§ **MATERIAL SUPPLIED**
━━━━━━━━━━━━━━━━━━━━━━━━━━━━━━
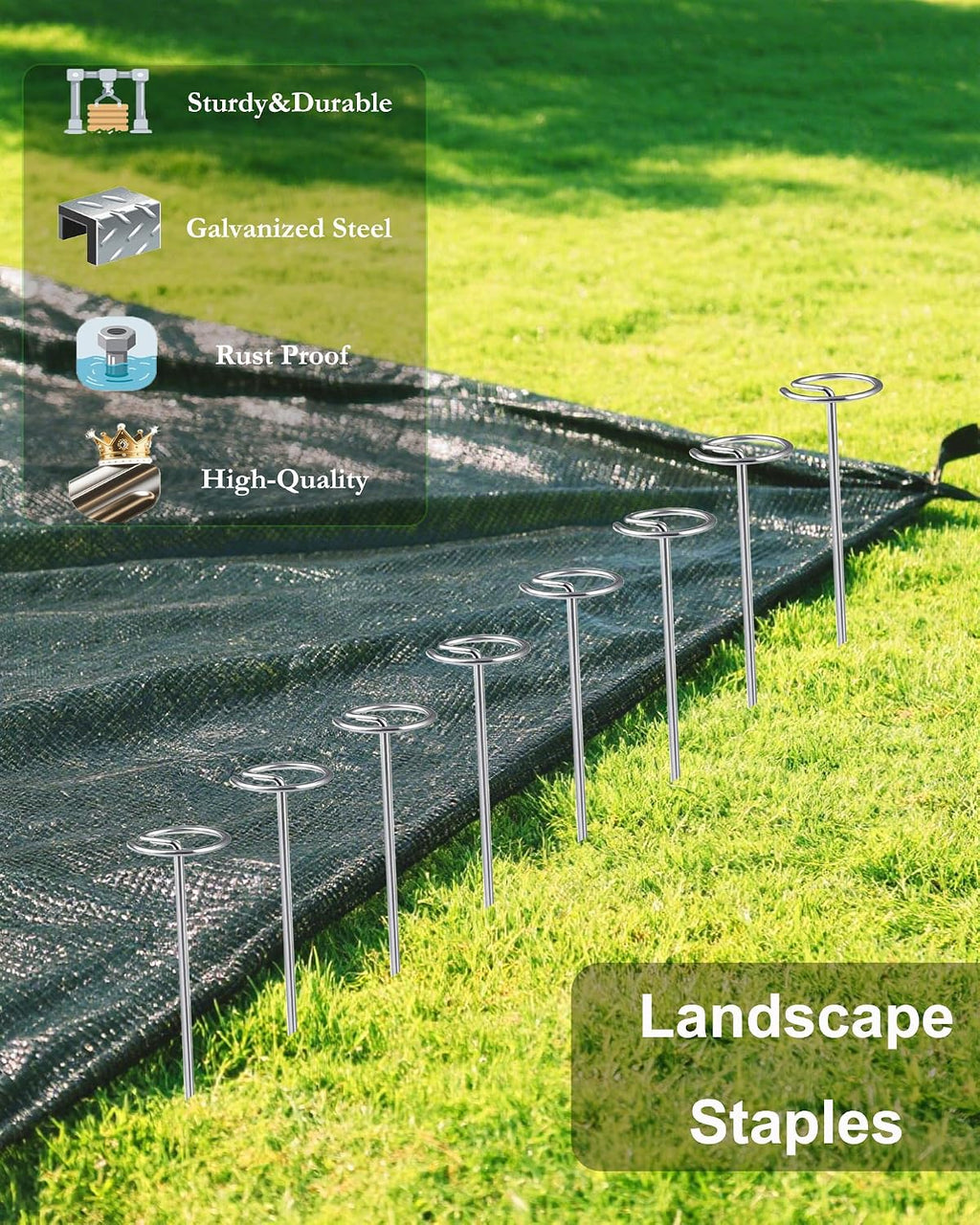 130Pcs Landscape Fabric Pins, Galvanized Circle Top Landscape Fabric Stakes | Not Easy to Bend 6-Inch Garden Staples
━━━━━━━━━━━━━━━━━━━━━━━━━━━━━━
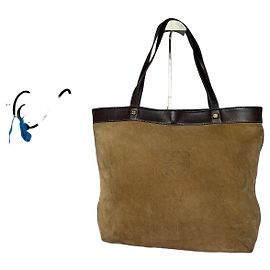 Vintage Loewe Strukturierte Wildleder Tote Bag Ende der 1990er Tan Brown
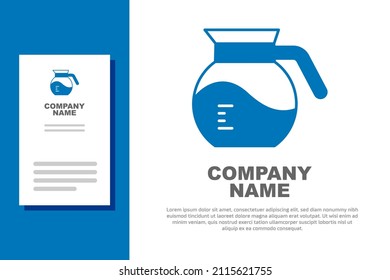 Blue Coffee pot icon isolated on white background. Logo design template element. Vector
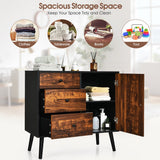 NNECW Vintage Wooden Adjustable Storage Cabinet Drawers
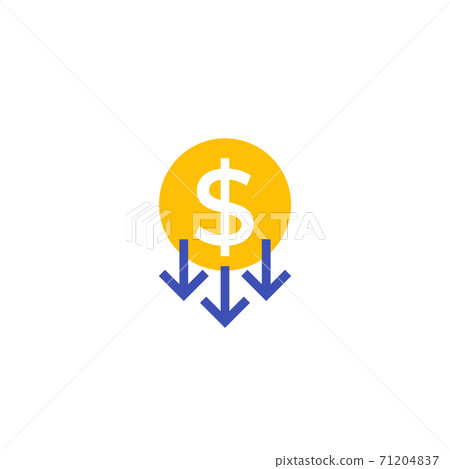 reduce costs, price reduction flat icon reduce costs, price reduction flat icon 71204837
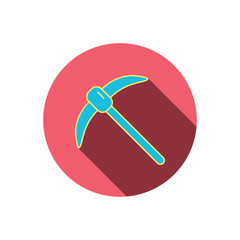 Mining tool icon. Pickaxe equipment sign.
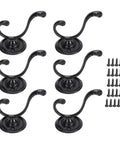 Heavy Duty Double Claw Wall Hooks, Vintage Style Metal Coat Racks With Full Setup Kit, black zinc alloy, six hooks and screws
━━━━━━━━━━━━━━━━━━━━━━━━━━━━━━
§ **ACTION ITEM**
What's needed is an exact copy of the records above from the line containing "NNECW Vintage Wooden" down to the line containing "Heavy Duty Double", both included, without any pictures.

§ **REPLY**
 NNECW Vintage Wooden Adjustable Storage Cabinet Drawers
 reduce costs, price reduction flat icon reduce costs, price reduction flat icon 71204837
 Mining tool icon. Pickaxe equipment sign.
 Heavy Duty Double Claw Wall Hooks, Vintage Style Metal Coat Racks With Full Setup Kit, black zinc alloy, six hooks and screws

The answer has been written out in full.